There’s something refreshingly unfiltered about Megan Lacy’s That Feelin’, an album that refuses to smooth its edges for the sake of accessibility. Instead, it leans into the grit of its Austin roots, pulling alt-country into collision with something more volatile and emotionally exposed. It’s a record that feels alive in the room it was recorded in.
“Maybe all we need is to remember who we were before the world told us otherwise. That Feelin’ is an invitation back there, a playful innocence, remembering the part of yourself that’s still true without denying how brutal the road here has been. The record doesn’t ask you to outrun anything, it asks you to forgive it, to hold it in both hands, and find your way back to yourself.”
Lacy’s songwriting carries a sharp observational quality — not distant, but uncomfortably close. These are songs built from emotional fragments rather than grand statements, stitched together with a kind of bruised honesty. The influence of the Austin East Side scene is palpable, but so too is her refusal to be contained by it.
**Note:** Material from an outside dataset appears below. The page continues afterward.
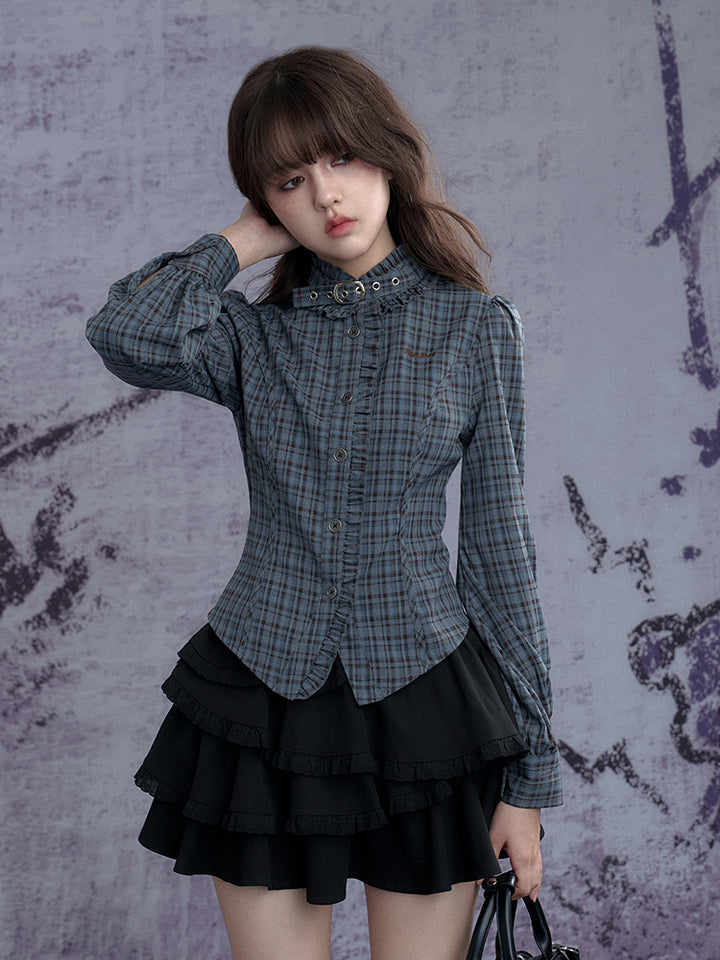 Stand collar choker blue-green plaid long-sleeve shirt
How That Feels opens like a warning shot: brooding, slow-moving, and quietly disorienting. There’s a tension in the arrangement that never quite resolves, mirroring the lyrical uncertainty at its core. Lacy doesn’t resolve emotions — she sits inside them until they start speaking back.
The album’s strength lies in its refusal to idealise vulnerability. Tracks like Lost In The Feeling don’t romanticise heartbreak; they inhabit it with uncomfortable familiarity. The production, recorded live, captures that instability — instruments breathing, shifting, sometimes nearly collapsing into each other.
By its conclusion, That Feelin’ feels less like a polished statement and more like a captured moment of becoming. Megan Lacy isn’t presenting herself as fully formed — she’s documenting the process in real time. And that, more than anything, is what gives the record its edge.